• _WHAT YOU NEED TO DO_
From the line that holds "Mr_goji54's tweet image." to the end of the records, reproduce every line exactly. No pictures.

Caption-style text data
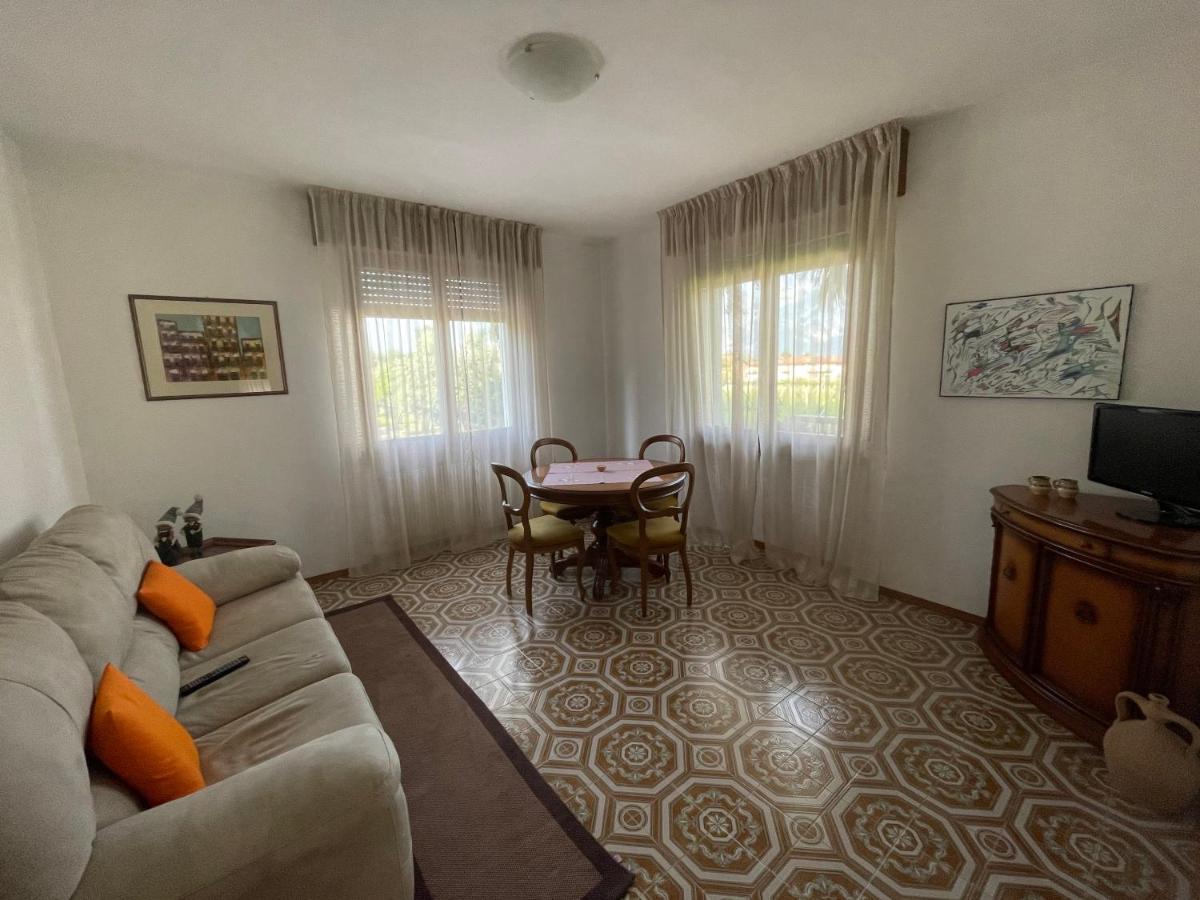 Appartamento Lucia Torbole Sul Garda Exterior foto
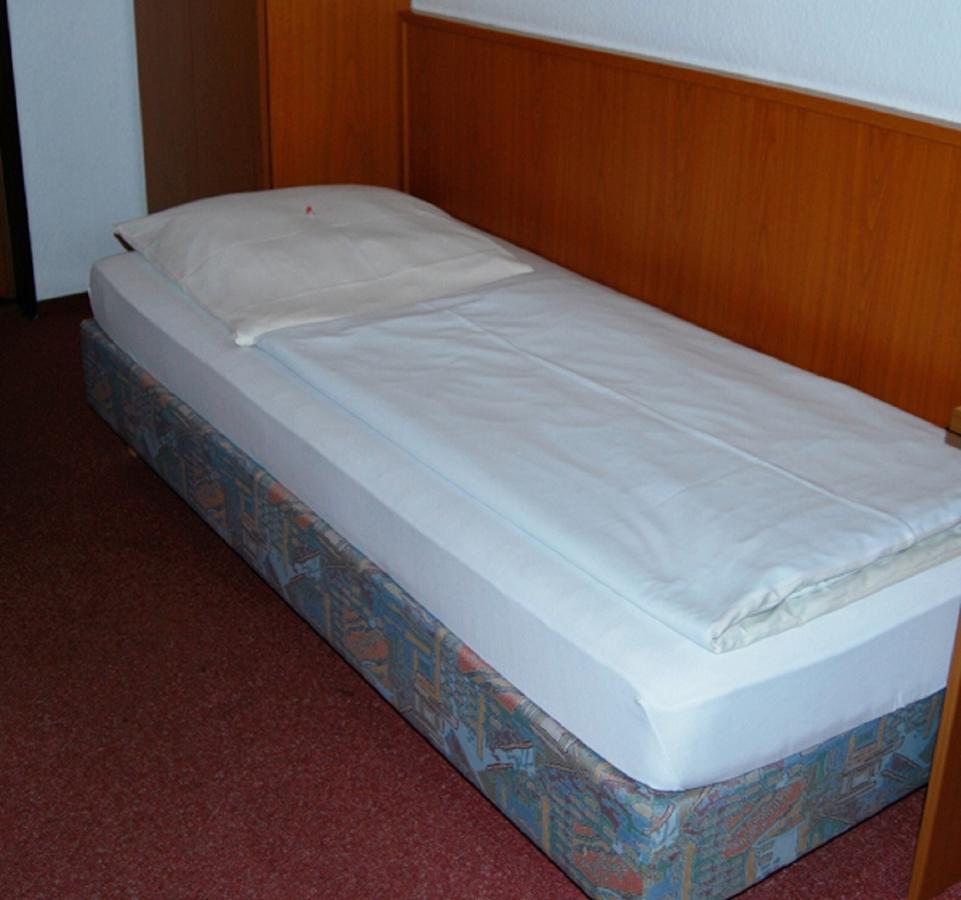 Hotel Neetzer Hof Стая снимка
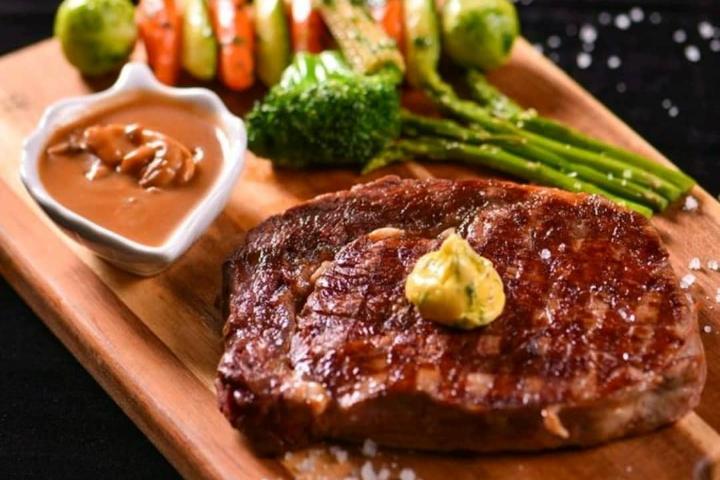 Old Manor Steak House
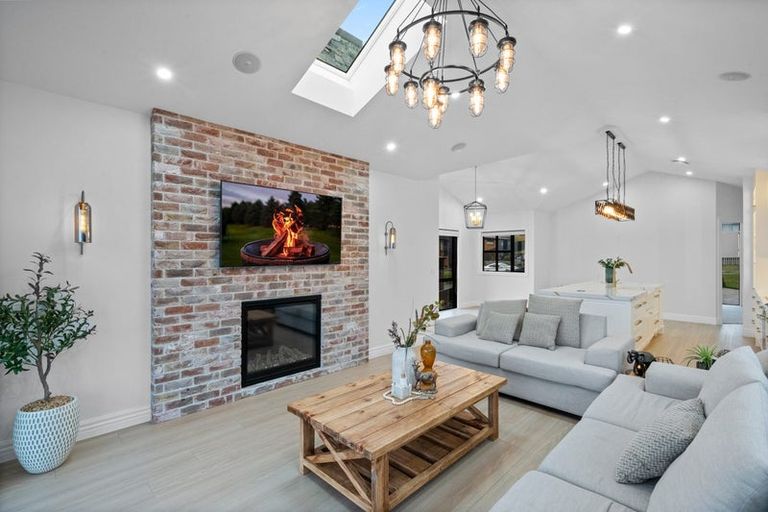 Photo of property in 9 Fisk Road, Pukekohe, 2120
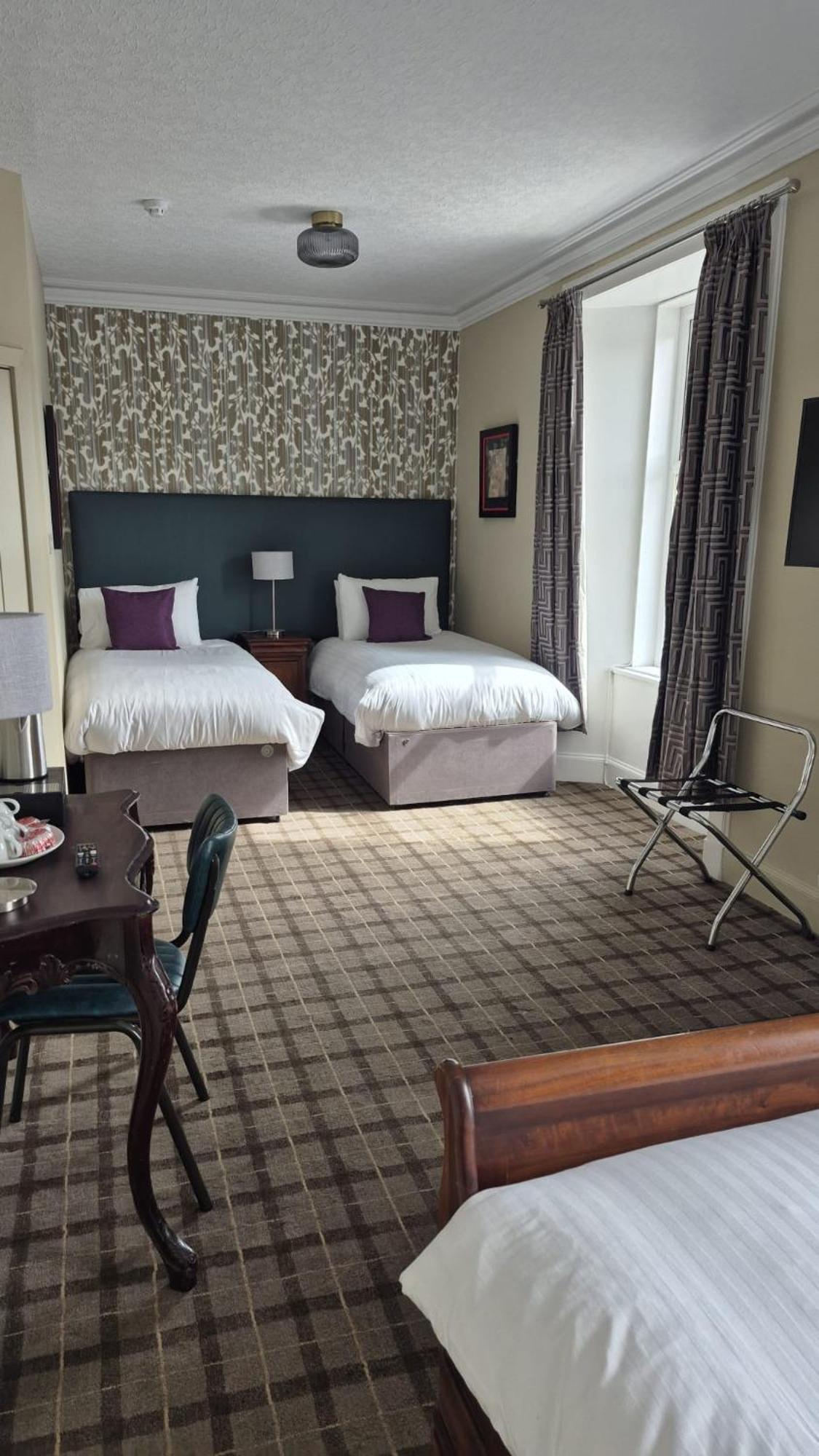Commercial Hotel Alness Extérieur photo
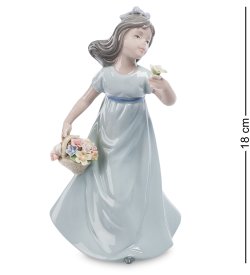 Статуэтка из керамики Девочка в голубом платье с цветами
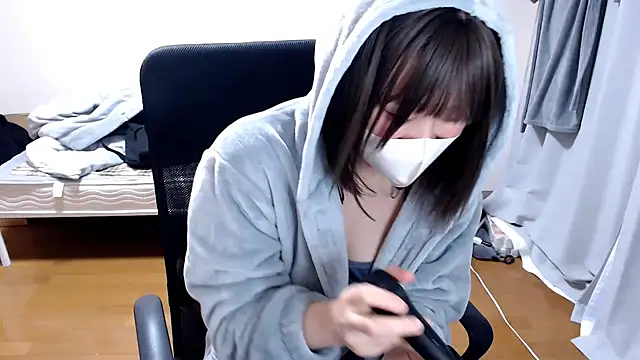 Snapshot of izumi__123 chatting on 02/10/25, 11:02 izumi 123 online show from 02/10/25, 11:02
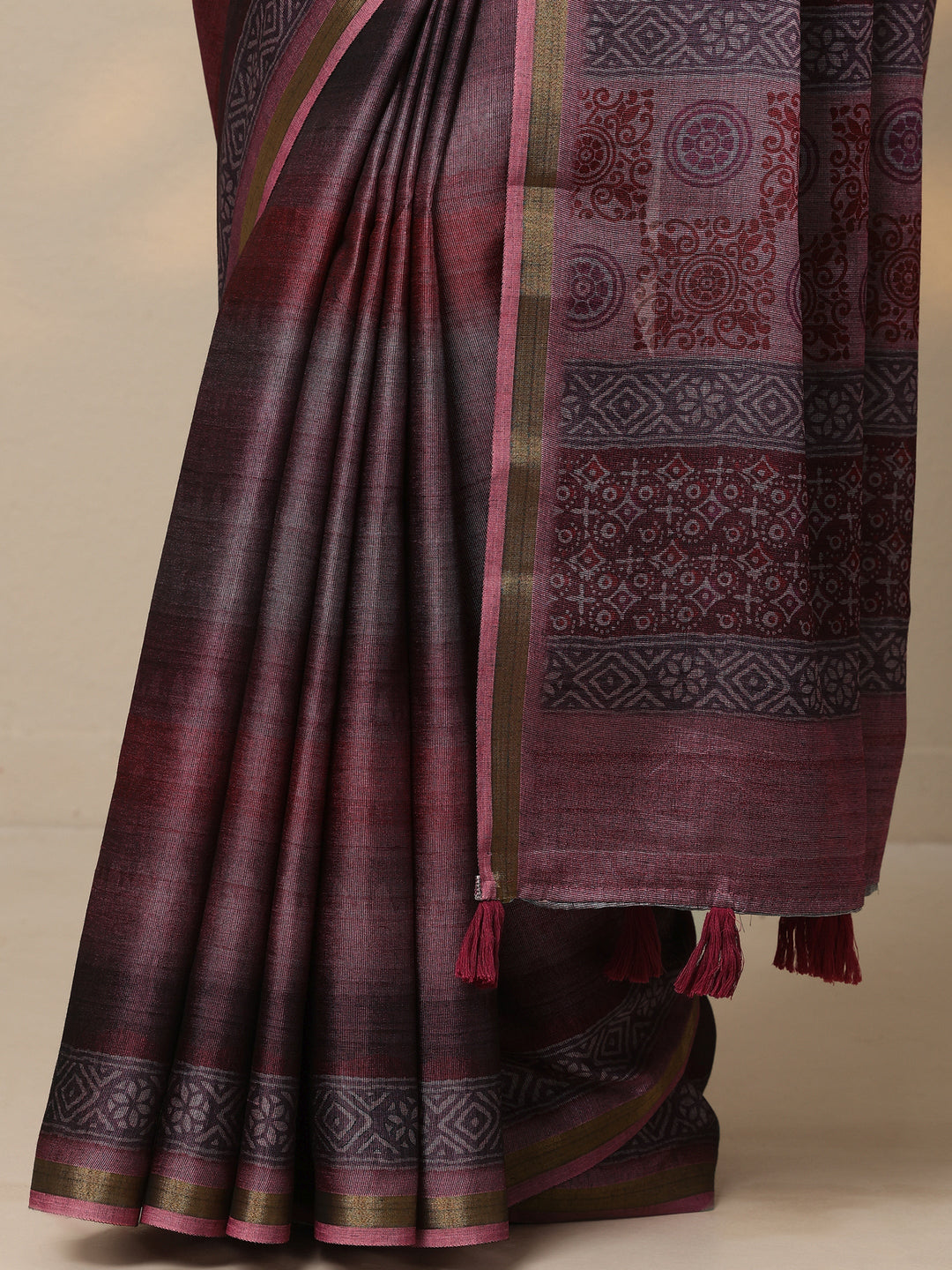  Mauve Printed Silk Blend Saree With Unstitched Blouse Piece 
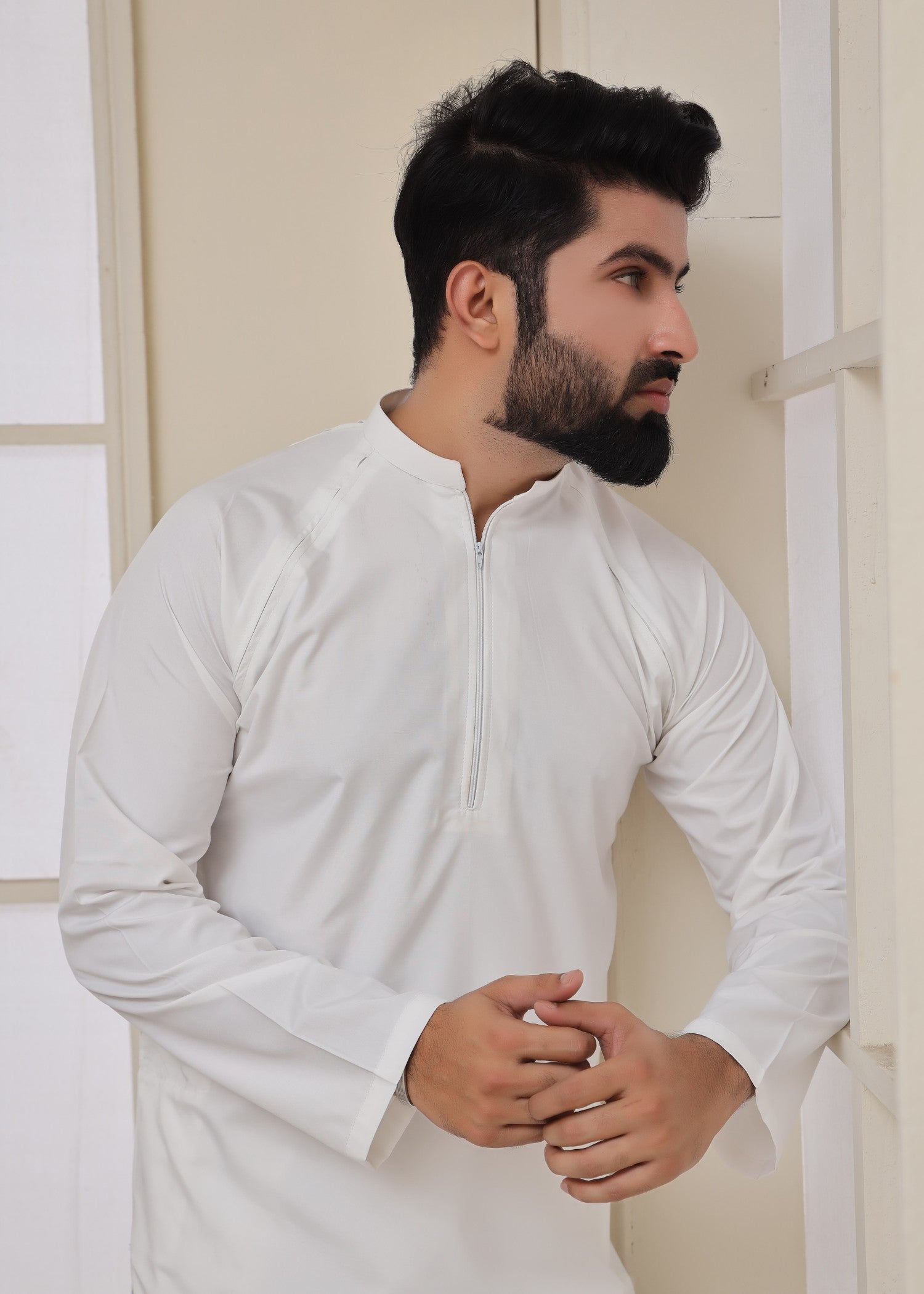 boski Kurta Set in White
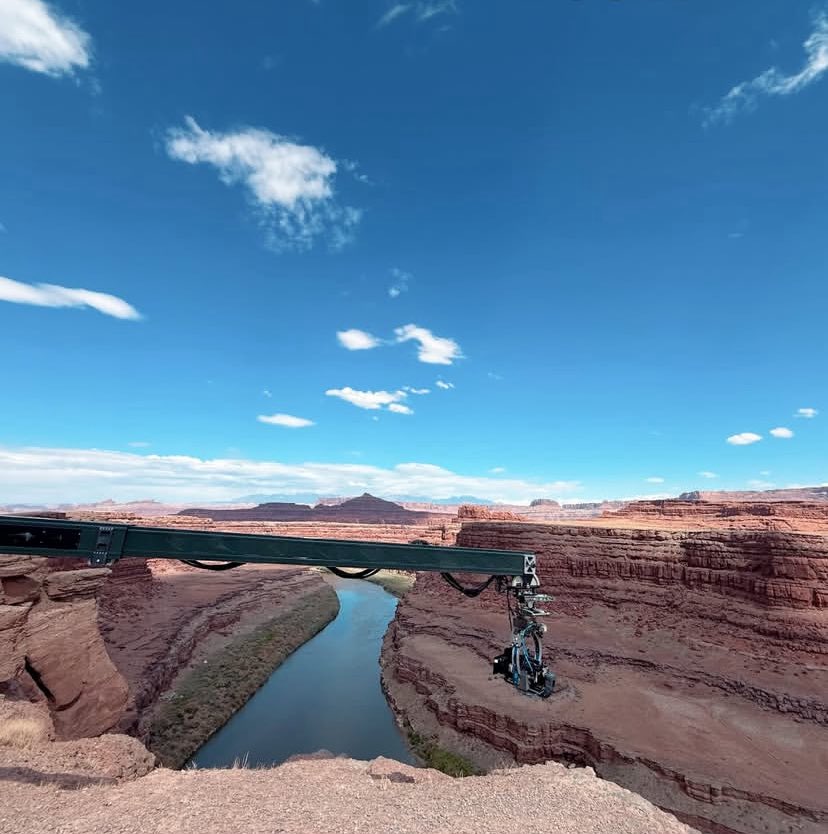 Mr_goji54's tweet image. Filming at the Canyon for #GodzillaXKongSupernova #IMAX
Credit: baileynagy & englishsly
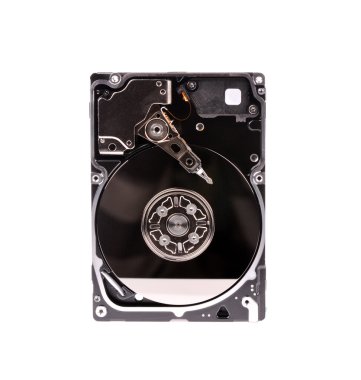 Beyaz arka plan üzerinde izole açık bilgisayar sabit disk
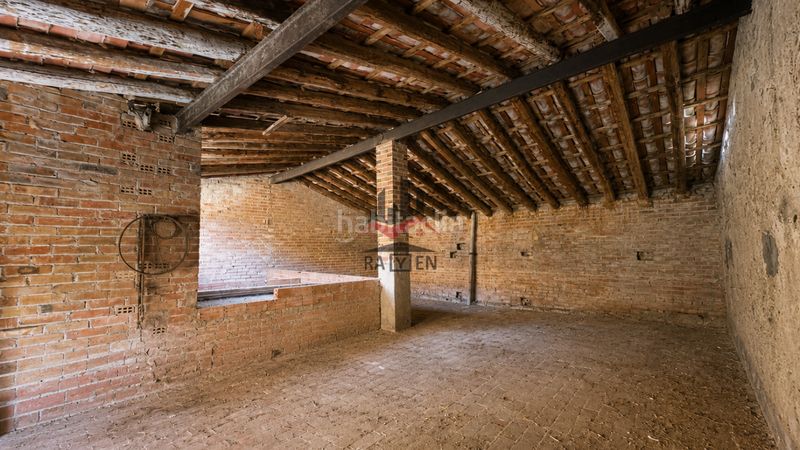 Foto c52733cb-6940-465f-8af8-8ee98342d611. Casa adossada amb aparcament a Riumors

• _TASK ANSWER_
 Mr_goji54's tweet image. Filming at the Canyon for #GodzillaXKongSupernova #IMAX
Credit: baileynagy & englishsly
 Beyaz arka plan üzerinde izole açık bilgisayar sabit disk
 Foto c52733cb-6940-465f-8af8-8ee98342d611. Casa adossada amb aparcament a Riumors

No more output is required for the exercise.